In accordance with a second aspect, the present invention provides a method for analyzing an information signal having a sequence of blocks of information units, wherein a plurality of consecutive blocks of the sequence of blocks represents an information entity, using a sequence of fingerprints for the sequence of blocks so that the sequence of blocks is represented by the sequence of fingerprints, having the steps of providing identification results for consecutive fingerprints, wherein an identification result represents an association of a block of information units with a predetermined information entity, and wherein there is a reliability measure for each identification result, wherein, in the step of providing, a first identification result is generated for a first fingerprint and a second identification result differing from the first identification result is generated for a following block; forming at least two hypotheses from the identification results for the consecutive fingerprints, wherein a first hypothesis is an assumption for the association of the sequence of blocks with a first information entity, and wherein the second hypothesis is an assumption for an association of the sequence of blocks with a second information entity, wherein the step of forming includes starting the first hypothesis or continuing the already existing first hypothesis in response to the first identification result, and starting the second hypothesis or continuing the already existing second hypothesis in response to the second identification result; examining the at least two hypotheses by combining the reliability measures of the hypotheses to obtain an examination result; and making a statement on the information signal based on the examination result.

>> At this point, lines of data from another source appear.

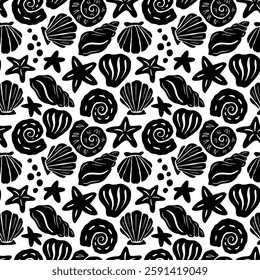 Coastal Boho Wave Pattern. Monochrome Sea Coral Shape Background. Abstract Seashell Ornament. Underwater Vector Seamless Pattern. Organic Summer Ocean Print for Textile, Wrapping Paper. Tropical Bg.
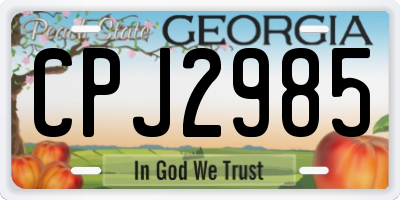 GA license plate CPJ2985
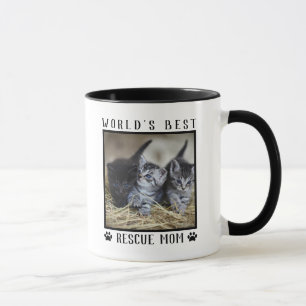 Cute World's Best Rescue Mum Paw Prints Pet Photo Mug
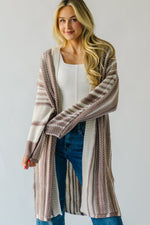 The Pardue Striped Cardigan in Cream + Mocha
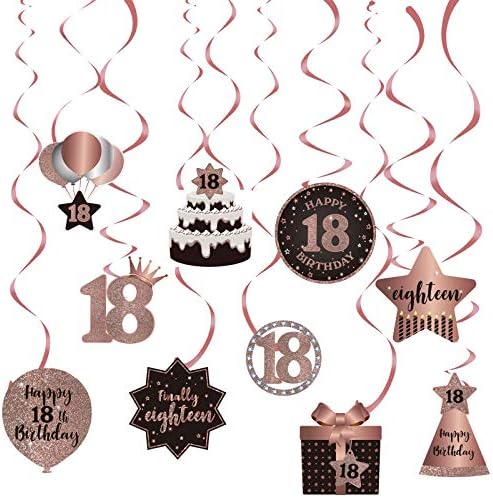 Среќен 18-Ти Роденден Виси Вител Потоци Таванот Украси, Прослава 18 Фолија Виси Вител Со Исечоци за 18 Години Розова И Златна Роденден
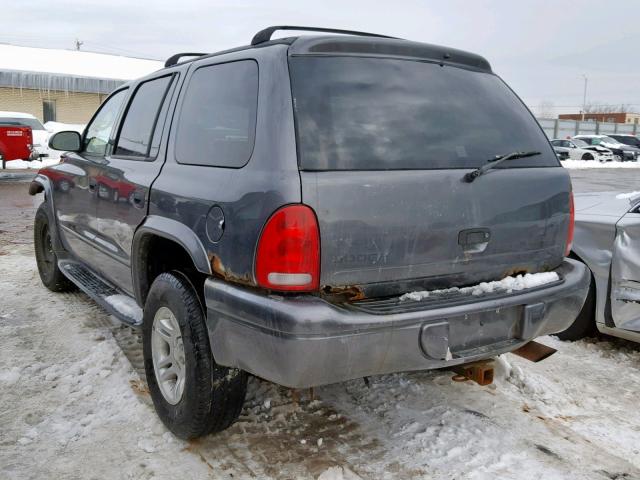 1B4HS38N52F170074 - 2002 DODGE DURANGO SP GRAY photo 3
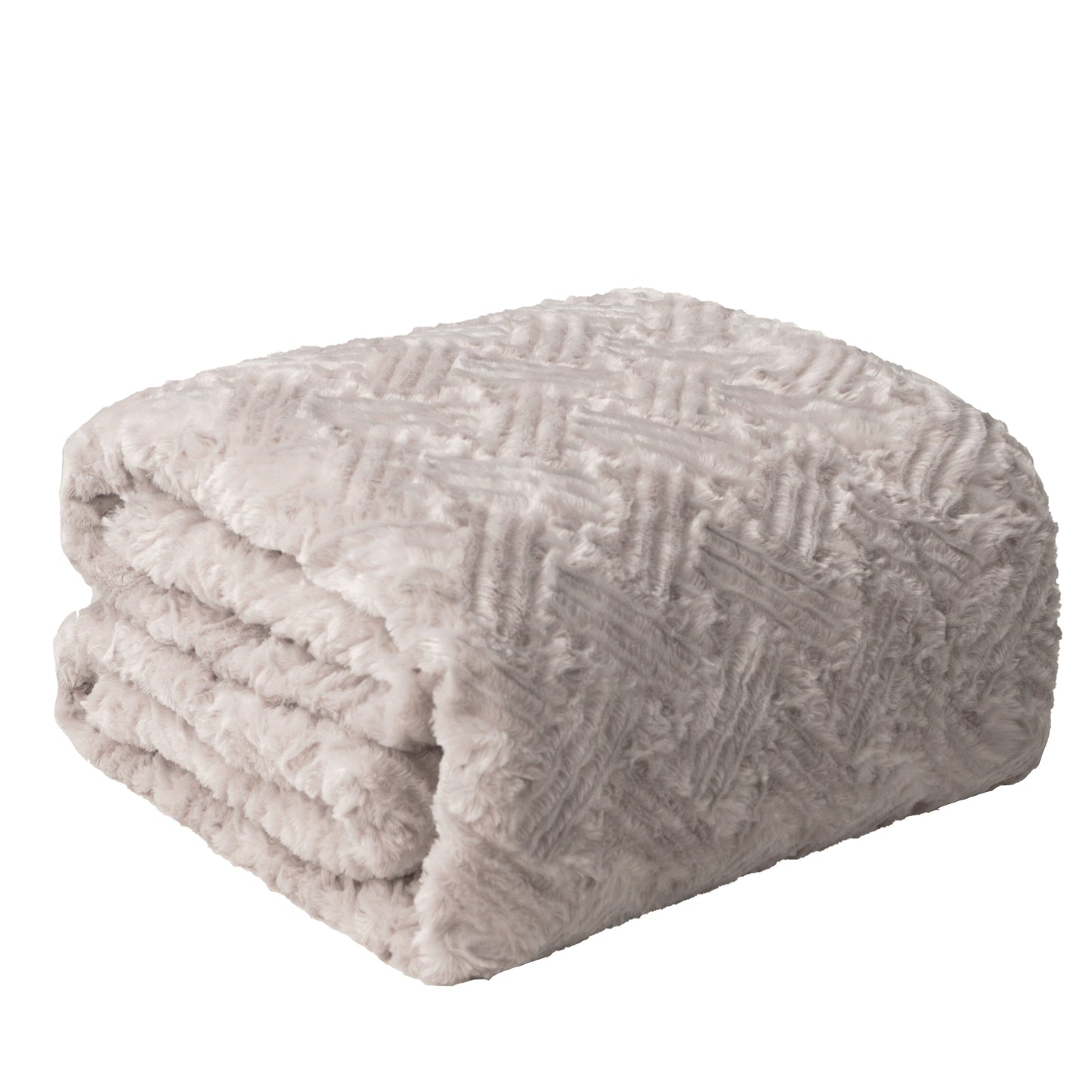 Lavender Grey Faux Fur Sherpa Throw Blanket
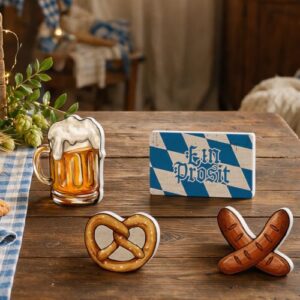 Smile Oktoberfest Wooden Standing Decore Tiered Tray Tabletop Signs for Home Kitchen Coffee Bar Party Decorations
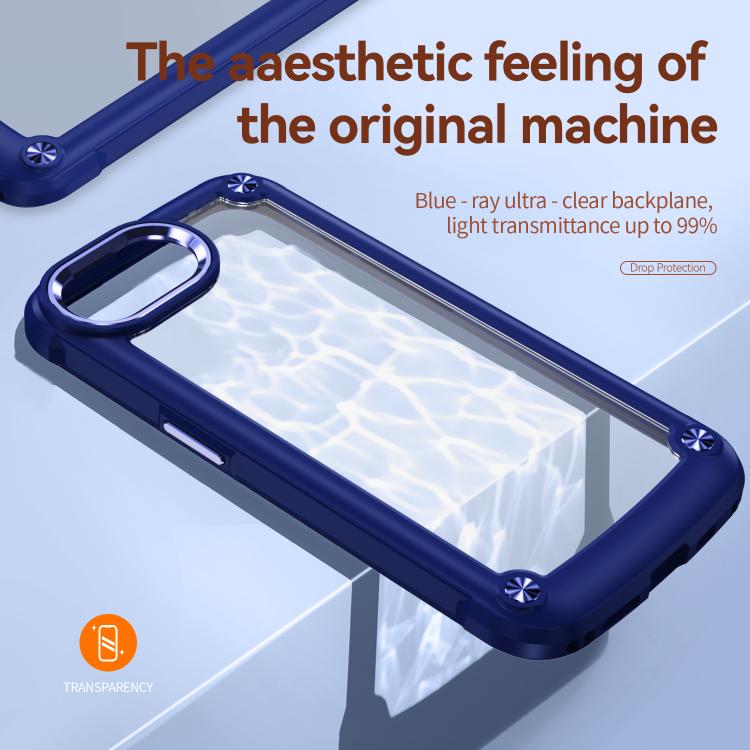 For iPhone 16e TPU + PC Lens Protection Phone Case(Blue) - free shipping - PMC TechLife - Order now!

In accordance with a third aspect, the present invention provides a computer program having a program code for performing the above-mentioned method, when the program runs on a computer.
The present invention is based on the finding that a reliable content identification is achieved by not only considering individual recognition results by themselves, but over a certain period of time. For example, there is considerable information usable for recognition in the sequence of individual recognition results for a sequence of fingerprints. According to the invention, a formation of at least two different hypotheses is performed based on a sequence of fingerprints representing a sequence of blocks of an information signal, wherein a first hypothesis is an assumption for the association of the sequence of blocks with a first information entity, and wherein the second hypothesis is an assumption for the association of the sequence of blocks with the second information entity. The at least two hypotheses are now examined and subjected to an evaluation so that a statement on the information signal is made based on an examination result. The statement could, for example, consist in determining that the sequence of blocks represents an information entity having a hypothesis that is most likely. The statement could alternatively or additionally be that an information unit ends with the fingerprint that contributes to the most likely hypothesis as temporally last fingerprint of the sequence of fingerprints.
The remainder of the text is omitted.